13. The method of claim 1, wherein the evaluation is for reliability in a core area of expertise.
14. The method of claim 1, wherein the evaluation is for predictability.
15. The method of claim 1, wherein the evaluation is for learning/adaptation ability.
16. The method of claim 1, wherein the evaluation is for adaptivity.
17. The method of claim 1, wherein the evaluation is for ability to recursively self-improve.
18. The method of claim 1, wherein the evaluation is for resource or time requirements.
19. The method of claim 1, wherein the AI asset is a chatbot or dialogue model and the evaluation incorporates a recurrent neural network (RNN) architecture.

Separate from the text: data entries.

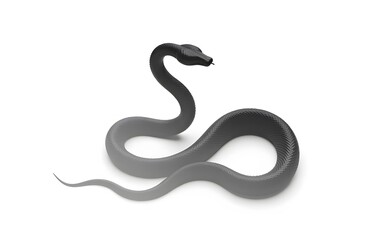 Fototapeta premium Minimalistic image of a black snake silhouette coiled a white background, Symbol of 2025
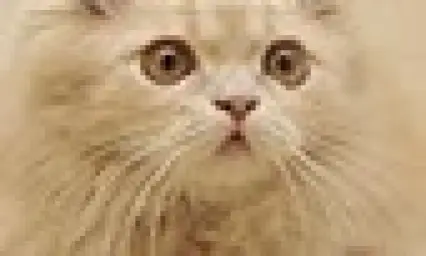 Imagen del producto 8422952122340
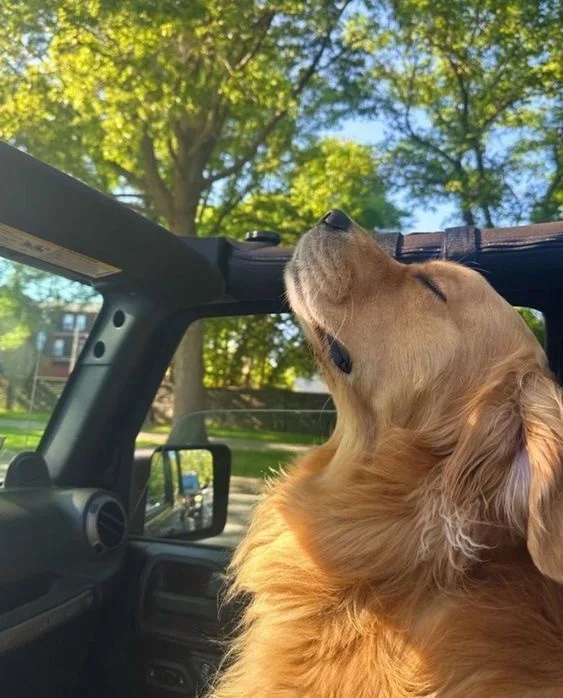 A dog ready for the next road trip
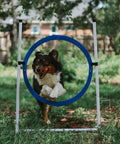 Dog jumps through breakaway tire in Backyard Dog Agility Set With 5 Piece Kit Featuring Bar Jump With Cup Strips Breakaway Tire Jump Weave Poles 10 Foot Tunnel Sandbags Pause Box And Safety Focused Design For High Energy Pups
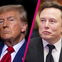 Donald Trump & Elon Musk: Männer-Freundschaft in Gefahr? Zoff hinter den Kulissen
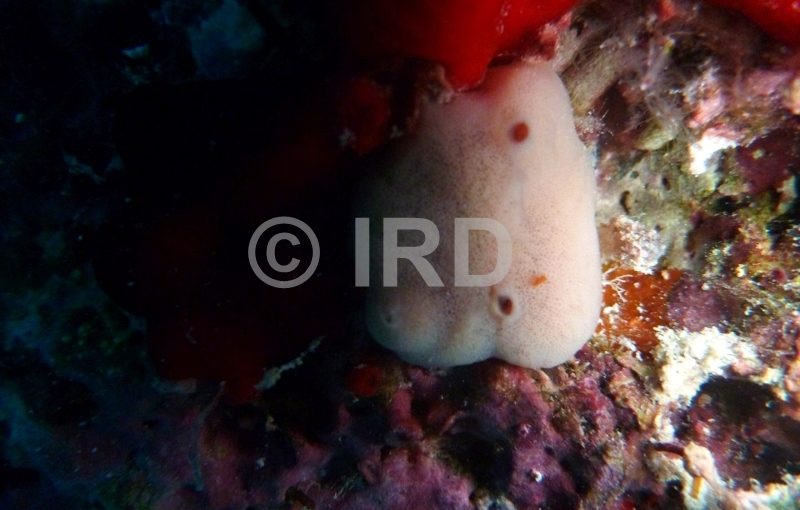 Halisarca laxus - Tuamotu - Toau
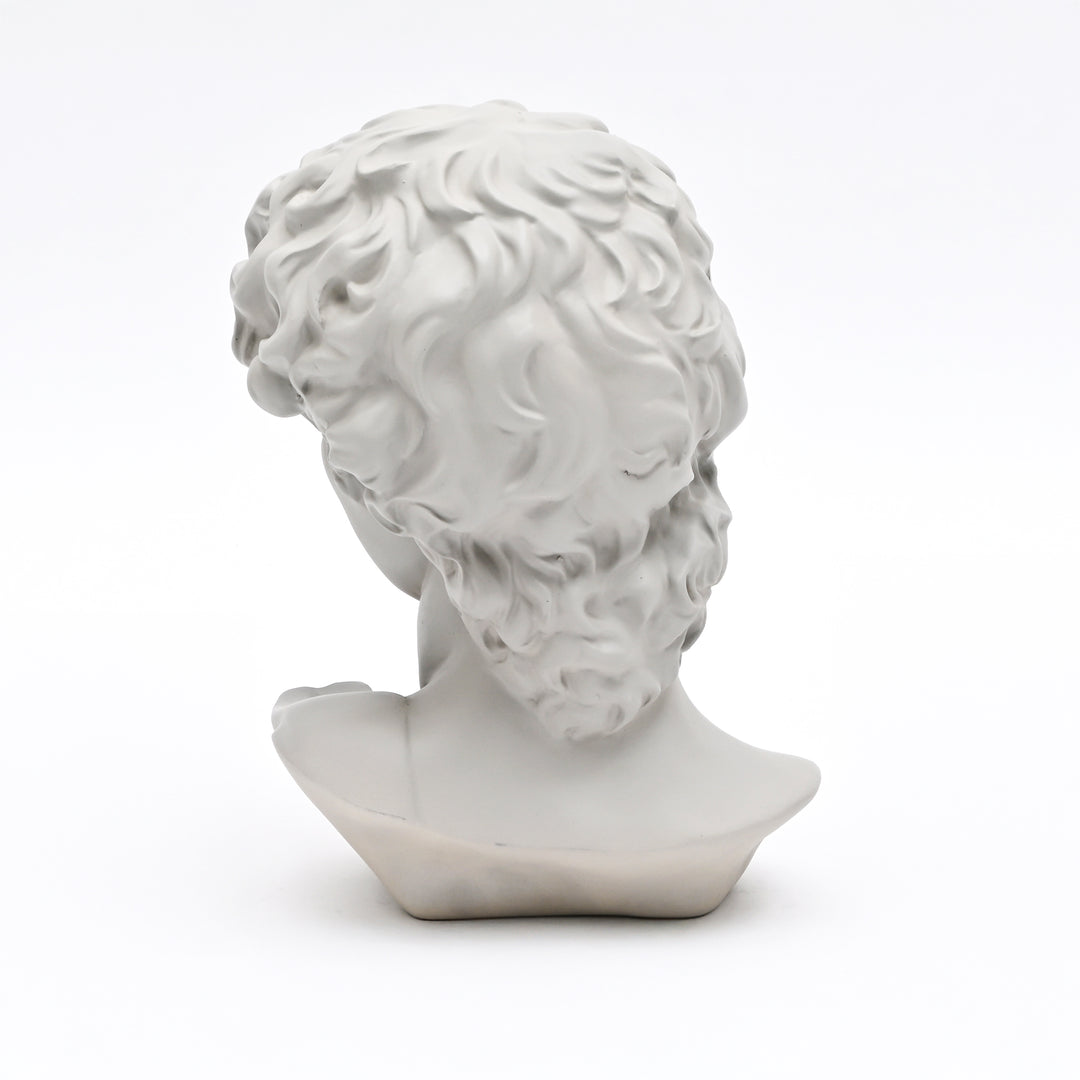 Grey Classical Greco-Roman Bust Sculpture in Matte Finish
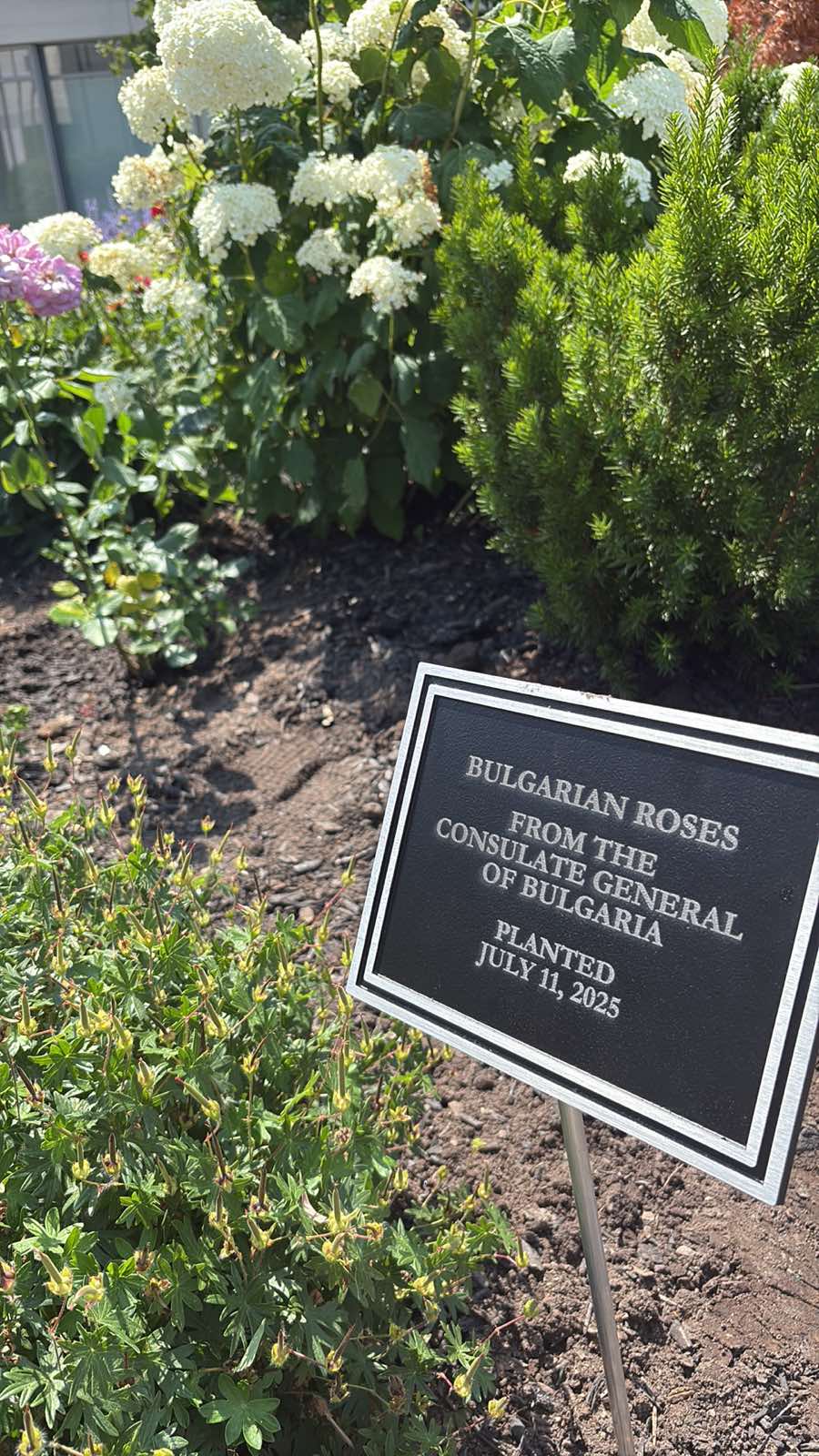 Bulgarian Roses Planted in Niagara Falls as a Symbol of Friendship and Cultural Connection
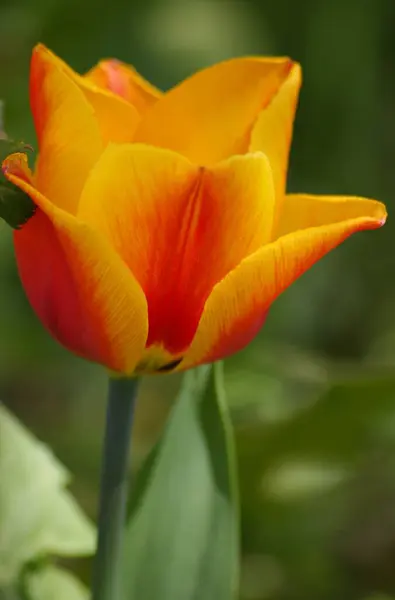 Lale na rozkvetle jarni louce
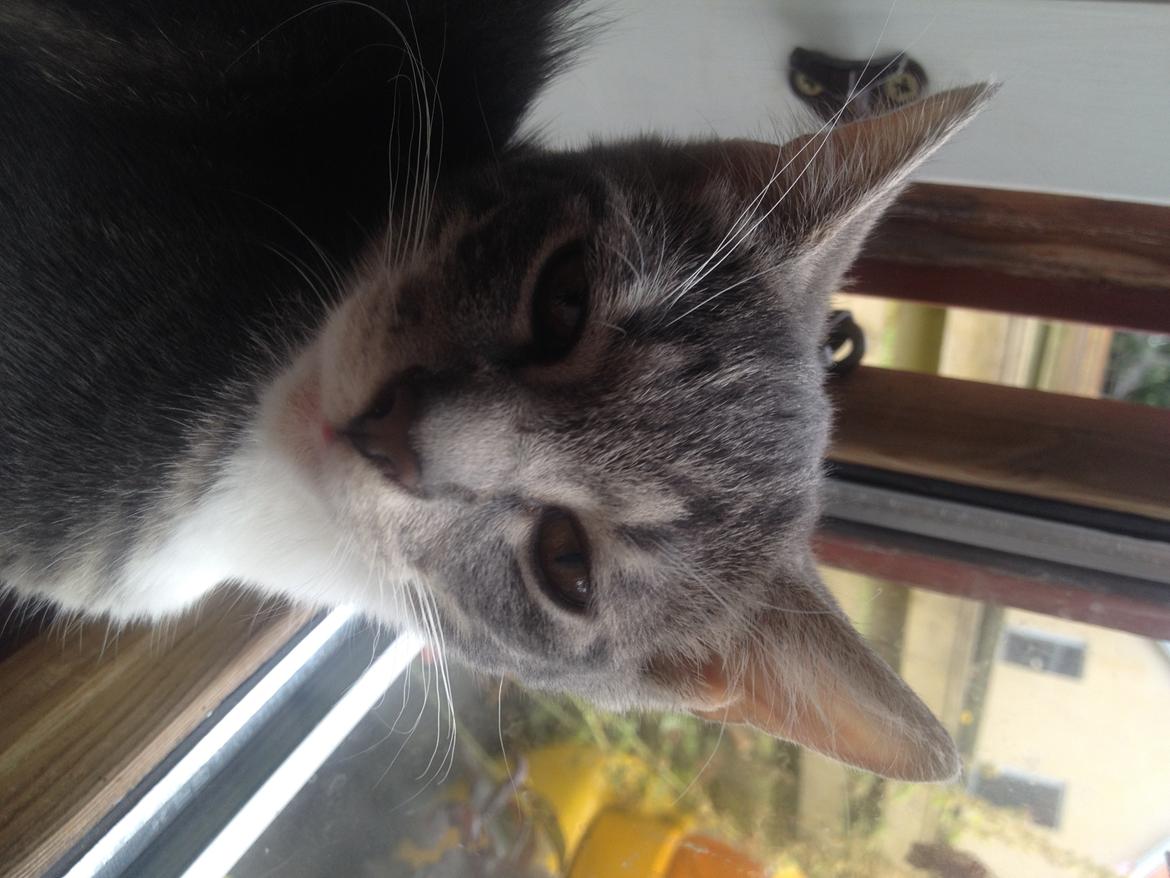 Huskat Marie billede 4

20. A method for grading an artificial intelligence (AI) asset, comprising the steps of:
receiving an AI asset for transaction;
performing a first evaluation of performance of the AI asset on a specialized task and establishing a baseline of performance based on an evaluated state of the AI asset;
performing a first grading of the AI asset based on the evaluated performance in a task-environment; and
ascribing a first valuation to the AI asset;
following a transaction to a party of the AI asset for training the AI asset, receiving the AI asset back from the party;
performing a second evaluation of performance of the AI asset on the same specialized task and comparing the performance to the baseline;
performing a second grading of the AI asset based on the comparison to the baseline; and
ascribing a second valuation to the AI asset.
21. The method of claim 20, further comprising making the AI asset available at the second value.